Exercise requirements: Look below for the line that contains "Электроскутер AVM Delta (белый)" and the line that contains "Raisa Guesthouse 12 培拉特 外观 照片", then restate both of them and every line in between, exactly. No picture goes in the copy.

Information given:
####

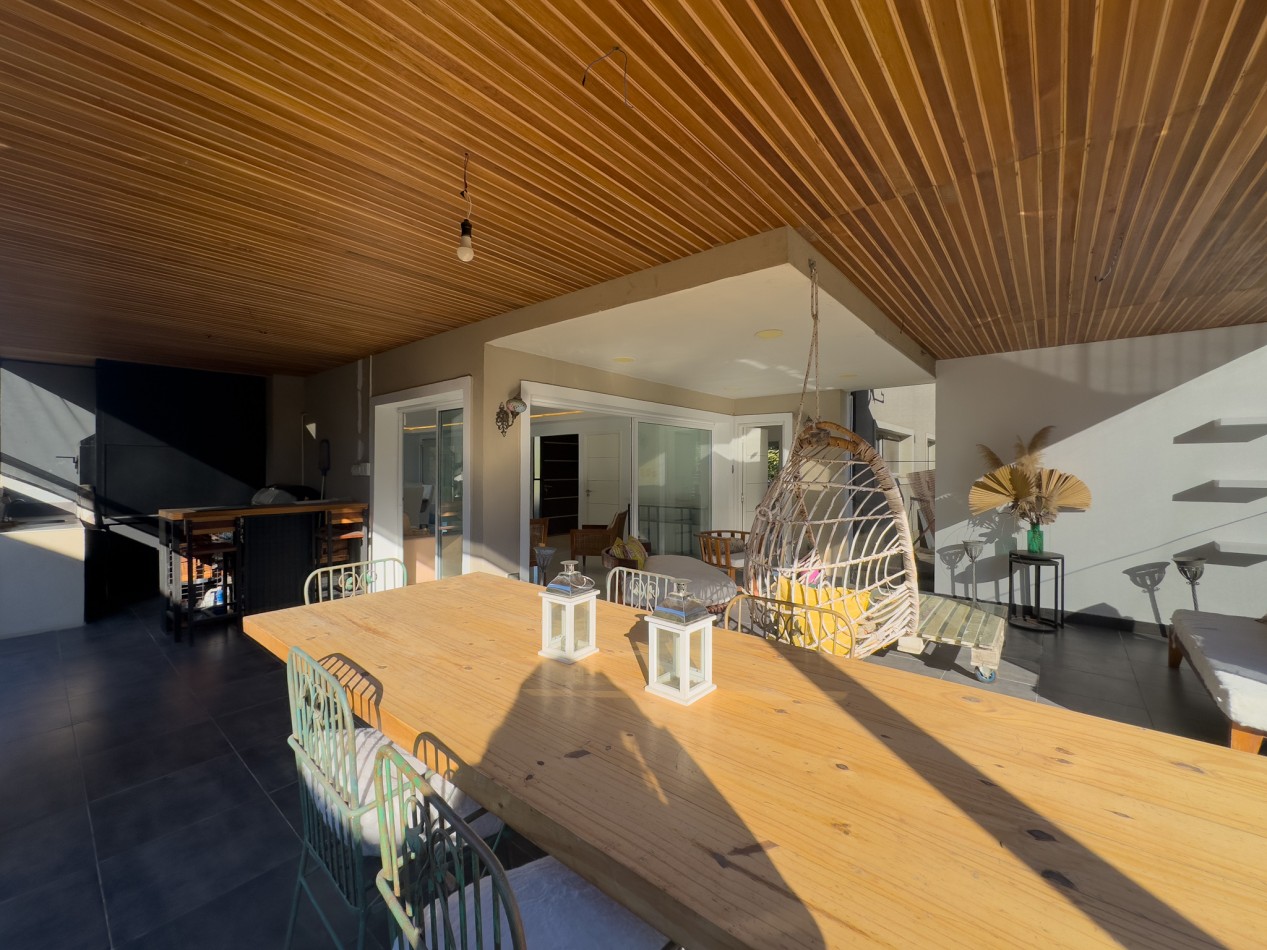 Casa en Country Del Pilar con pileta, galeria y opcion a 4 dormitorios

####

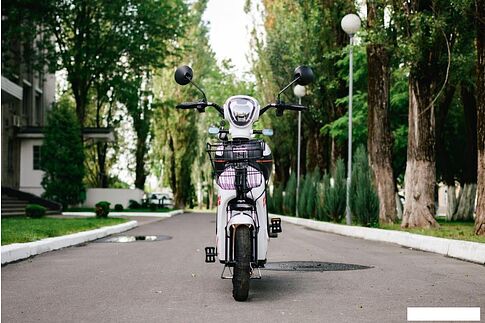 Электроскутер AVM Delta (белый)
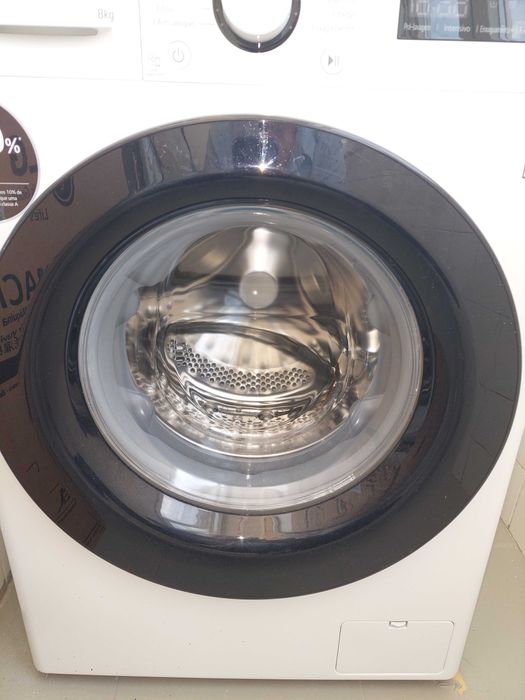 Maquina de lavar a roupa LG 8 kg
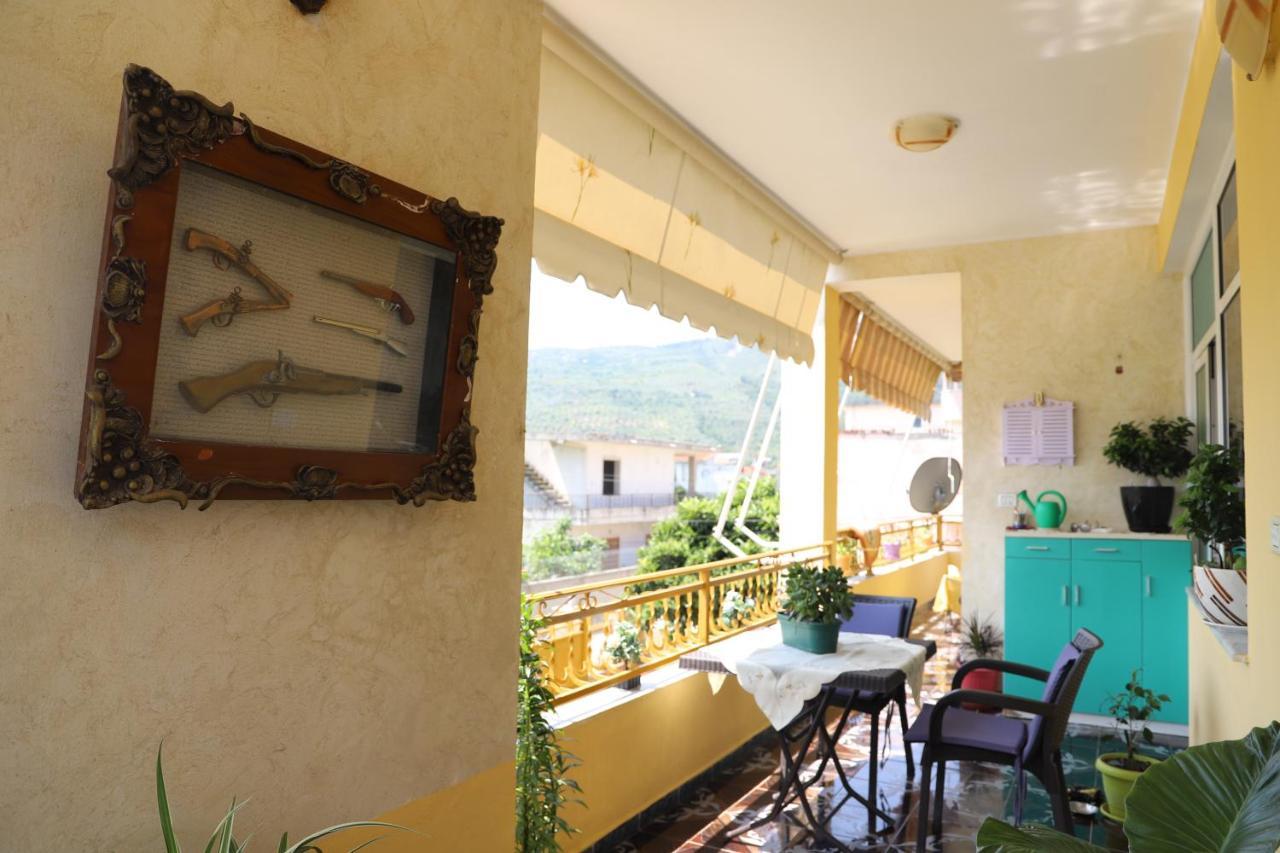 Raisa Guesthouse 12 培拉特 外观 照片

####

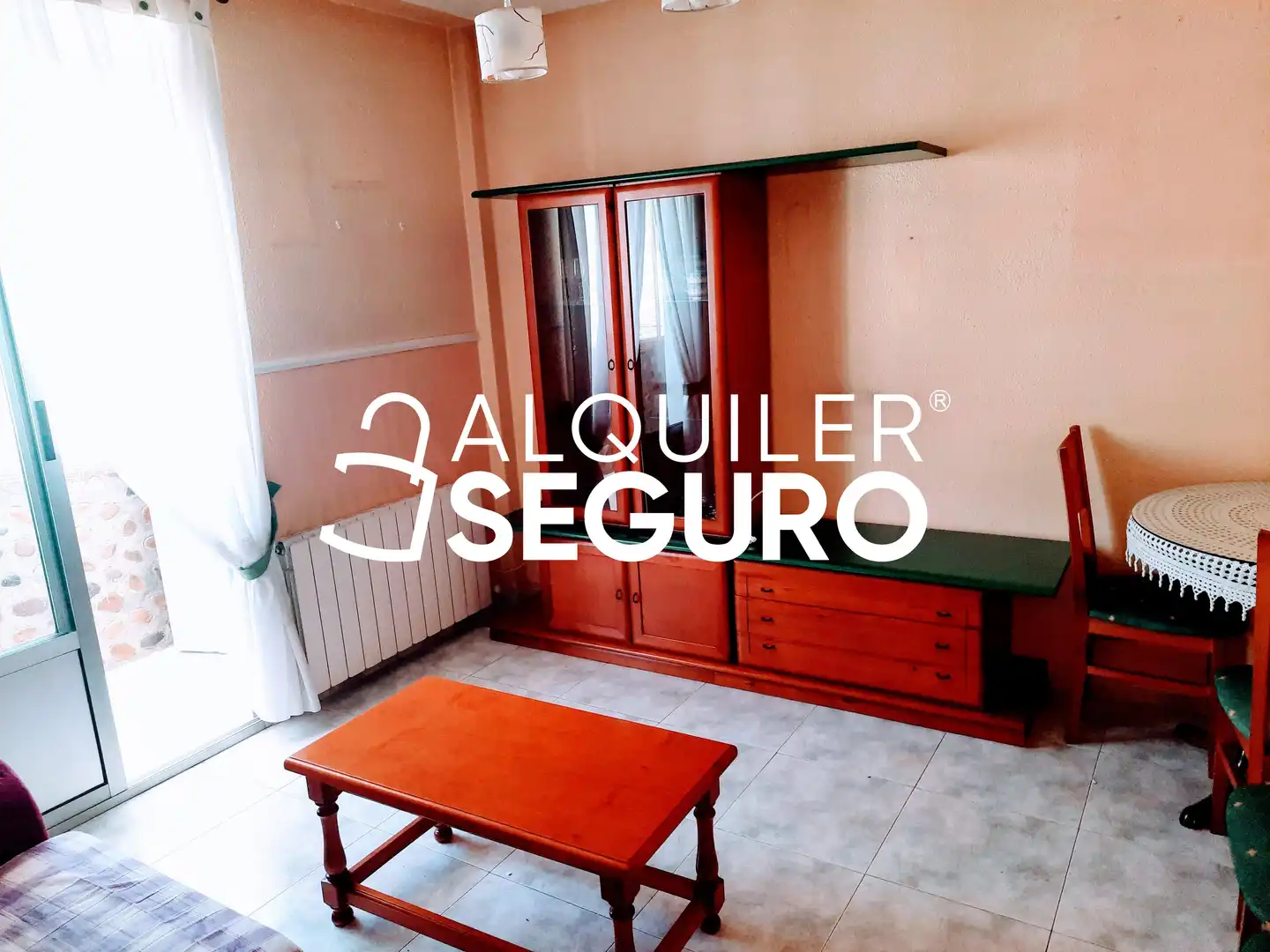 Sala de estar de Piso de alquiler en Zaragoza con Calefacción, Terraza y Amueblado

####

Reply to the exercise:
 Электроскутер AVM Delta (белый)
 Maquina de lavar a roupa LG 8 kg
 Raisa Guesthouse 12 培拉特 外观 照片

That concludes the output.